Never use or enable CD-ROM padding when compressing with Indeo video 5, even when authoring for CD-ROM, unless you are specifically authoring for systems with old single-spin (1X) CD-ROM drives. Using this setting for anything else results in reduced quality and increased file size.

CD-ROM padding is null data added to the end of a compressed video frame to adjust its size. Padding rounds the size of each frame up to the next highest multiple of 2 kilobytes. (It doesn't make every frame the same size. After padding, frames still vary in size, but all are an exact multiple of 2 kilobytes.) Originally, this setting supported CD-ROM drives with severe performance penalties when seeking any location that was not on a 2 kilobytes boundary. These drives are no longer commonly used, but the CD-ROM padding setting remains as a vestige of this problem.

The Indeo video 5 Encoder Configuration Dialog Box

Once you have selected Indeo Video Software 5 release as your encoder, a button will be enabled in your editing application that is usually labelled "Configure." Pressing this button takes you to the encoder configuration dialog box. This dialog box includes a variety of special Indeo Video Software 5 release options, which are listed and described below:

Figure 2. Dialog without Quick Compress checked, Showing all options.


Quick Compress
The Quick Compress option allows Indeo Video Software 5 release to encode video many times faster than it would with ordinary offline encoding. Exactly how much faster depends on the content of the source video and the other encoder options you've selected. Choosing Quick Compress automatically disables the Transparency, Viewport Size, and Access Key options, as shown in Figure 2. To run faster, the quick compressor uses a subset of possible compression techniques.

Quick compression trades faster encoding speed for lower image quality and less precise data rate control when you select the Data Rate option in your editing application. When using the Quality slider option, the quick compressor produces files that are larger in size.

The Quick Compress option is ideal for prototyping or previewing video edits, special effects, and other "pencil testing," but use the offline encoder in your final application to obtain the best image quality and compression, or to maintain a more consistent data rate.

Figure 3. The Indeo video 5 Dialog With the Quick Compressor Selected


Scalability
The Scalability option tells the Indeo Video Software 5 release encoder to compress the video using a different set of techniques than it would normally. Clips encoded without Scalability are compressed to provide the very best quality and overall data rate, but without most of the data rate and performance flexibility provided by the scalable mode. Clips encoded with Scalability do not have optimal quality and data rate, although the penalty is small, typically about 10% increased data rate for the same quality. Using Scalability offers a great deal of flexibility in transmission data rate (over a network) and playback performance required on a range of different platforms. In essence, scalability allows one encoded video file to be played back at many different data rates and quality levels, each of which is suitable for different network bandwidths or playback-platform capabilities.
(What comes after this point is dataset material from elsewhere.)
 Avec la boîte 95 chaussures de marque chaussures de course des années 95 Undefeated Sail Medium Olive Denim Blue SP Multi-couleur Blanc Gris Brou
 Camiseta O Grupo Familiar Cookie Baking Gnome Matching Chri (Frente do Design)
Clips encoded with Scalability are flexible in two ways: frame quality and frame rate. Scalable clips can be played back with three distinct levels of frame quality (called High, Medium and Low). High quality is very similar to the quality of clips without scalability, but at a slightly higher data rate (by 10%). Video played at Medium quality is a little less sharp than High quality, but can be delivered with about 20 to 25% less data rate than High quality. Low quality is noticeably blurrier than High quality, but saves about 40-50% on data rate when compared to High quality.
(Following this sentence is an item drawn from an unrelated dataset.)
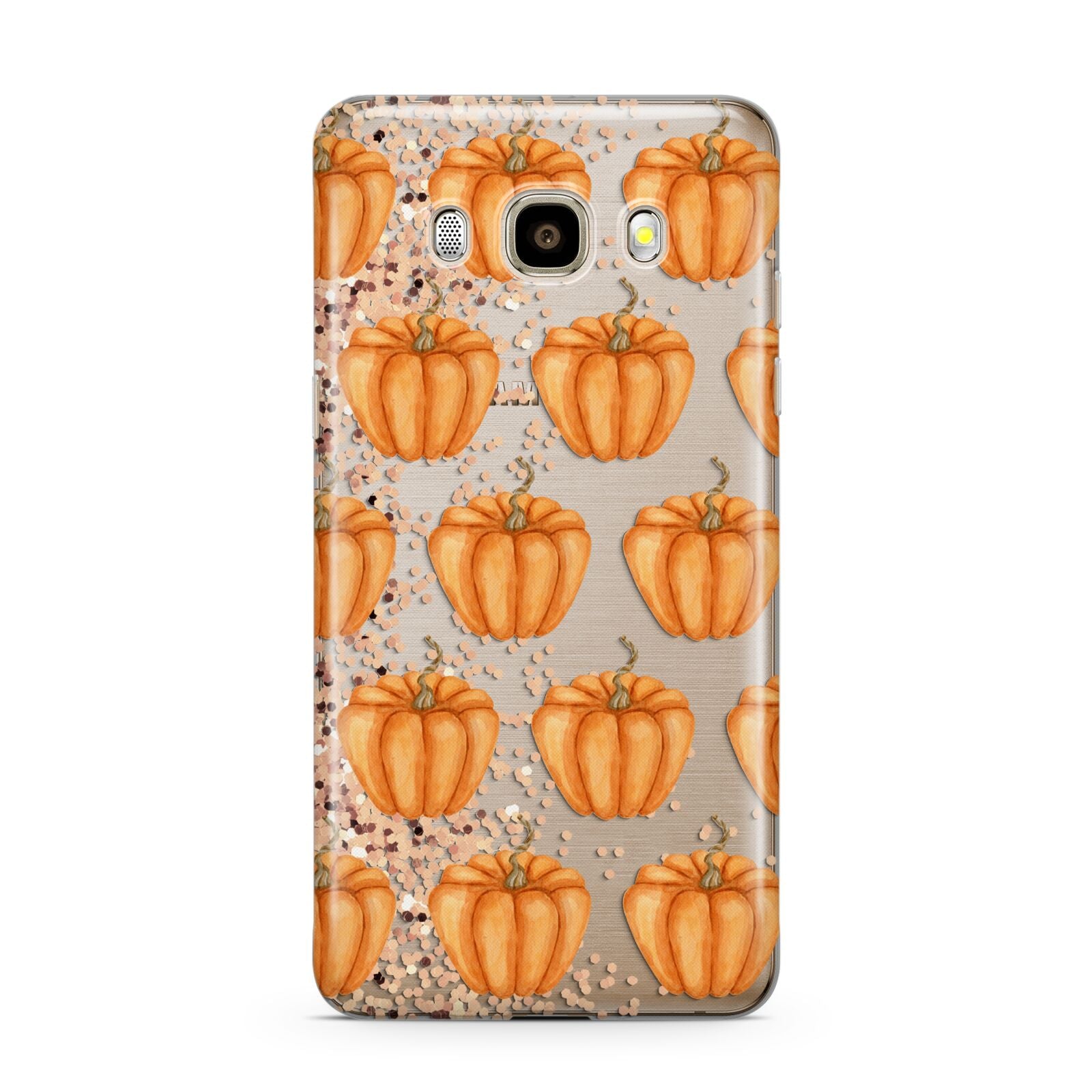 Shimmery Pumpkins Samsung Galaxy J7 2016 Case on gold phone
Likewise, scalable clips can play back at up to four distinct levels of frame rate, depending on the frame rate of the source video. If you encode a video at 30 frames-per-second (fps), with a key frame interval of 30 frames, then frame rate scalability enables playback of that video at 30, 15, 5 and 1 fps, with corresponding reductions in the data rate required to transmit those video clips over a network. Both frame rate and frame quality scalability can be used at the same time, to give even more options for achieving a required data rate from a compressed Indeo video 5 file.

It's important to select Scalability in the Indeo video 5 Encoder Configuration dialog box if you want to enable progressive quality and frame rate for Progressive Downloading. To learn more about this capability, read the Indeo video 5 Progressive Download Publisher tool documentation.

Transparency
The Indeo video 5 codec supports a form of transparency analogous to chroma keying or blue-screening, which allows you to place foreground objects over backgrounds from a source other than the same video clip. This transparency encoding is flexible, allowing for multiple foreground objects of complex shapes. Foreground objects can also move from frame to frame, allowing you to create video sprites which are transparent video objects that can be overlaid on other video or bitmap backgrounds.
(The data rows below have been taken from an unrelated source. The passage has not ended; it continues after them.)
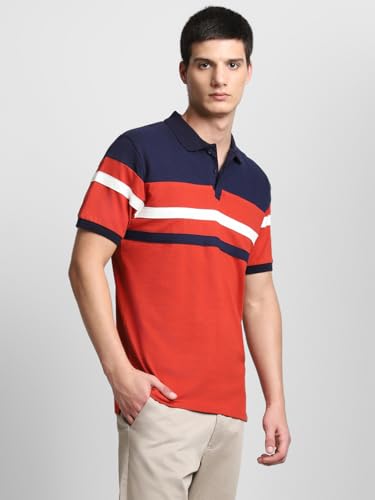 Image of Dennis Lingo - Men's Cotton Colorblocked Polo Regular Fit T-Shirt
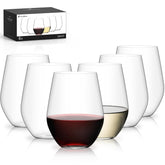 Luna & Mantha unbreakable stemless wine glasses 16oz for outdoor use
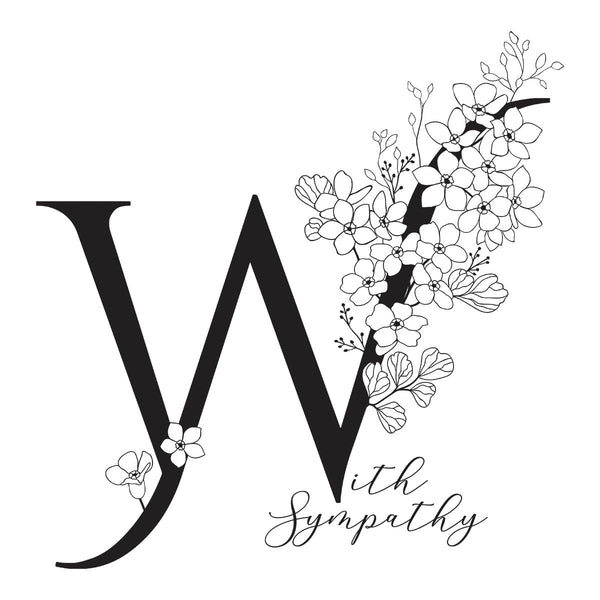 Floral W and Sentiment Press Plate from the Every Occasion Floral Alphabet Collection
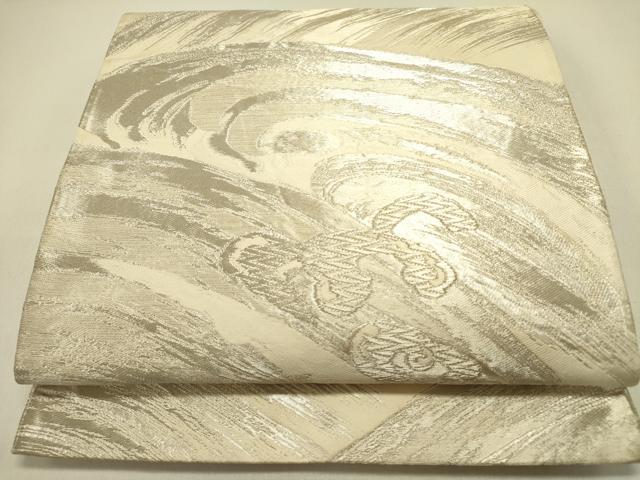 平和屋着物◎西陣　服部織物謹製　六通柄袋帯　松風　銀糸　正絹　逸品　DABA6424op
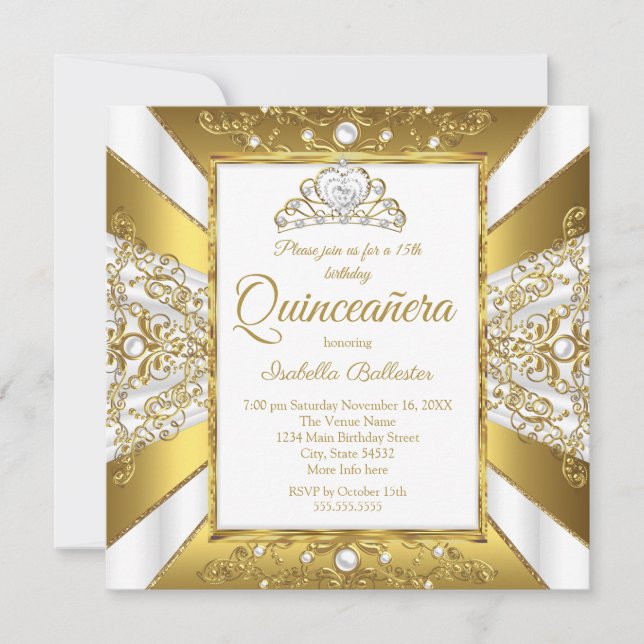 Invitación Quinceanera 15º cumpleaños Perla de Oro Blanco Tia (Anverso)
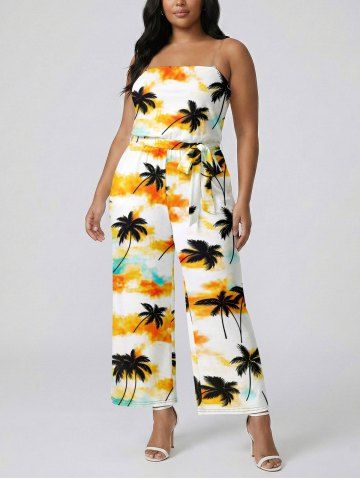 Combinaison Hawaï à imprimé nuage cocotier tie-dye, avec poches, ceinture amovible et bretelles amovibles - ORANGE - 4X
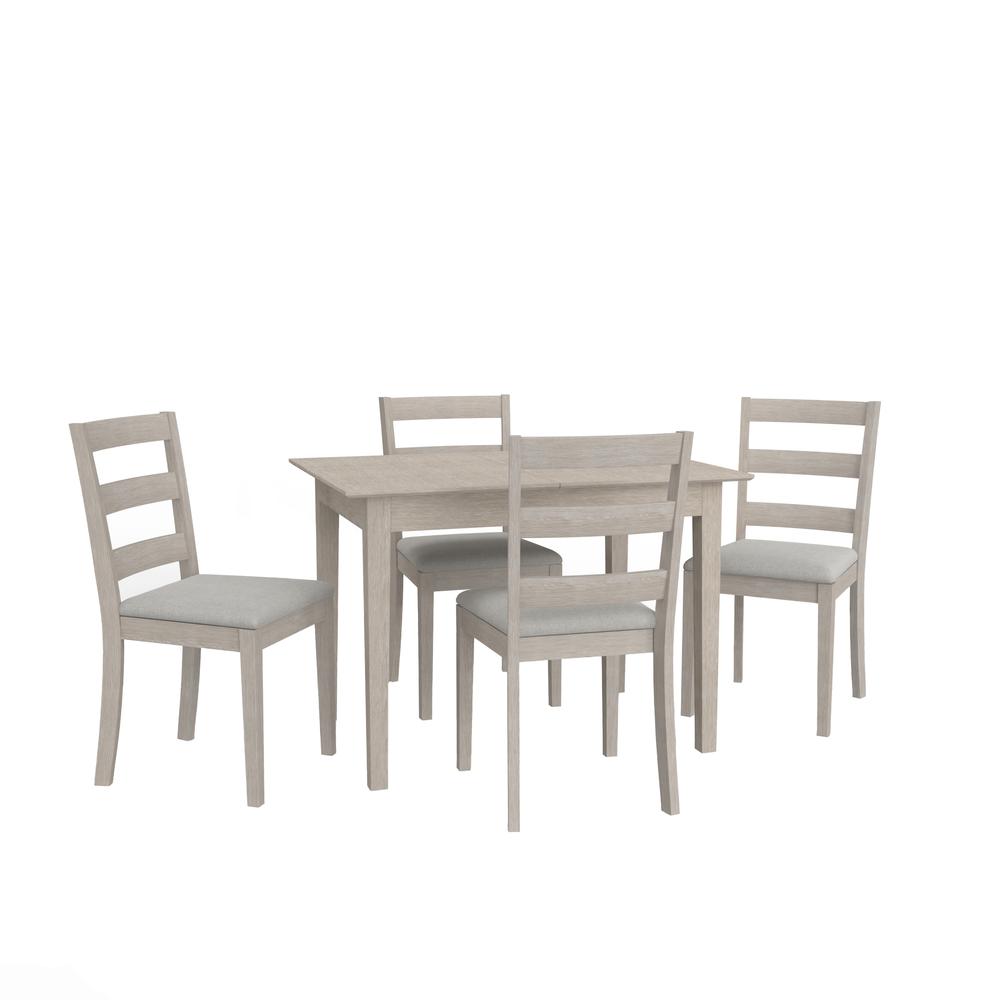 Spencer Wood 5 Piece Dining Set with Ladder Back Dining Chairs, White Wire Brush. Picture 2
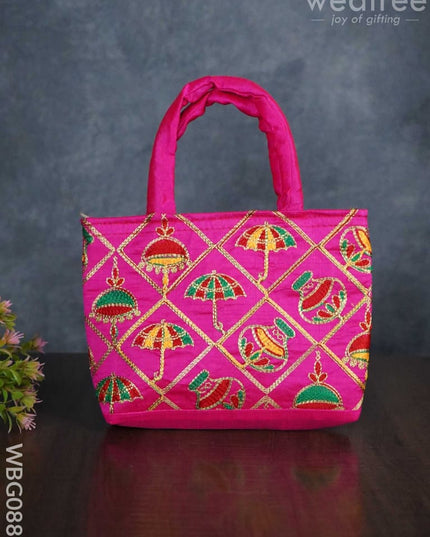 Hand Bag Embroidery Work With Handle - Wbg0880 Bags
Note: For best results using transparency, always provide the Indeo video 5 encoder with original RGB format video such as RGB24 or RGB32 video that was not captured in a chroma subsampled format such as YUV9, YUV12, M-JPEG or encoded in any other compressed format (including Indeo video). This allows the encoder to eliminate the "fringing" or "halo" effect that may otherwise appear around video sprites. Video that has ever been in a compressed or chroma-subsampled format has already been degraded so that the Indeo video 5 encoder can no longer prevent the fringing artifact. The encoder box offers three choices for handling transparency: first frame analysis, alpha channel, or none. Each is detailed below:

Access Key
If you want to restrict compressed video playback to authorized users or applications, use the Indeo video 5's access key feature when you compress your video clips. Access keys are numeric codes that you insert into a video clip during compression. A clip encoded with an access key can be played only by an application that has the key. For example, Media Player* cannot play clips encoded with an access key because it cannot supply an access key to Indeo video 5. Other applications can supply access keys to Indeo video 5, but without the correct key code, the video does not play.

To enable the Access Key:

  1. Check the Enable box in the Access Key field. (The compression application displays the Value field.)
  2. Enter a number between 0 and 4,294,967,295 in the Value field. Do not type commas. (We recommend the use of relatively large numbers, to make the codes more difficult to guess).

This value is the code that an application or user must supply in order to play the video clip.

Viewport Size
The Viewport Size provides the offline encoder with information it needs to encode video sequences using the Indeo video 5's Local-Decode feature. Local Decode allows an application to display only part of a video image while playing back. It's more efficient not to decode the parts of the source image that are not needed for display. Indeo video 5 provides this capability with its Local Decode capability. The playback application can tell Indeo video 5 to decode only a rectangular subregion of the source video image called the viewport. If you plan to use this feature, specify the minimum possible size of the local decode viewport during compression. Then the display size of the viewport, and its location, can be changed dynamically during playback.

To enable local decode:
Specify the viewport size by selecting the appropriate size from the list box. The appropriate value is the one that is approximately the size of the smallest viewports your application will be using during playback. If your viewports are long and thin in either direction, then choose the viewport size setting that most closely matches the longest side of your smallest viewport.

To disable local decode:
Select "None" in the viewport size list box.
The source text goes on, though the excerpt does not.